This length was considered representative.
Task 1B. Test Method Development
Test Series 1 – Vapor Emission Comparison - Air Flow Capacity Tests
During a container filling process, an FMLLG will initially vent propane vapor until the propane
liquid level reaches the end of the dip tube. Therefore, it is appropriate to measure the amount of
propane vapor released for the various designs of gauges. Rather than use propane vapor directly
we chose to perform airflow capacity tests and convert the results to propane vapor for
comparison purposes. This approach and the test method utilized are very similar to the methods
in UL standards covering flow capacity tests for LP-Gas devices such as regulators and relief
valves in vapor service. Flow capacity tests were conducted with air at three pressures
representing propane vapor temperatures of 0 F, 50 F, and 100 F, which corresponded to propane
container pressures of 20, 80, and 175 psig). These results were converted to propane vapor
using industry accepted practices in order to obtain a base line propane vapor release rate at the
various pressures. The conversion from one gas to another is accomplished by multiplying the
flow of one gas by the square root of the ratio of their specific gravities. Each test sample was
placed in a suitable pressure-containing segment with pressure measurement capability, and
connected to an air supply system incorporating a regulator, control valve, and flowmeter. The
pressure to the sample was held constant while the flow rate through the sample was measured.

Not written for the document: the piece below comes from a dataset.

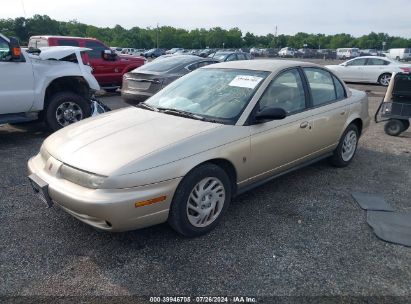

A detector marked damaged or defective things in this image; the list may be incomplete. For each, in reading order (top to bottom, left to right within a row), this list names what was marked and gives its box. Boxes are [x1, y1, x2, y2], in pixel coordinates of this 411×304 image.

damaged vehicle [0, 33, 107, 131]
damaged vehicle [28, 59, 370, 235]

A total of 27 tests were planned and carried out; (3 pressures times 9 samples = 27 total tests).
Test Series 2 – Liquid Propane Release and Freeze Susceptibility Tests
Also during a container filling process, FMLLG will vent propane liquid when the propane
liquid level reaches the end of the dip tube. It is appropriate to measure this liquid release at this
point. The liquid propane is flashing to vapor at the outlet of the gauge. There are concerns that
because of moisture found in propane, that these new smaller orifice gauges might freeze up and
therefore not indicate that the proper filling level is reached. For the second series of tests,
appropriate sized LP-Gas containers were obtained, with two openings (one for a shutoff valve
for which to fill, and a second opening into which was installed each test sample. Water and a
pure grade of propane (purity level = 99%) were used.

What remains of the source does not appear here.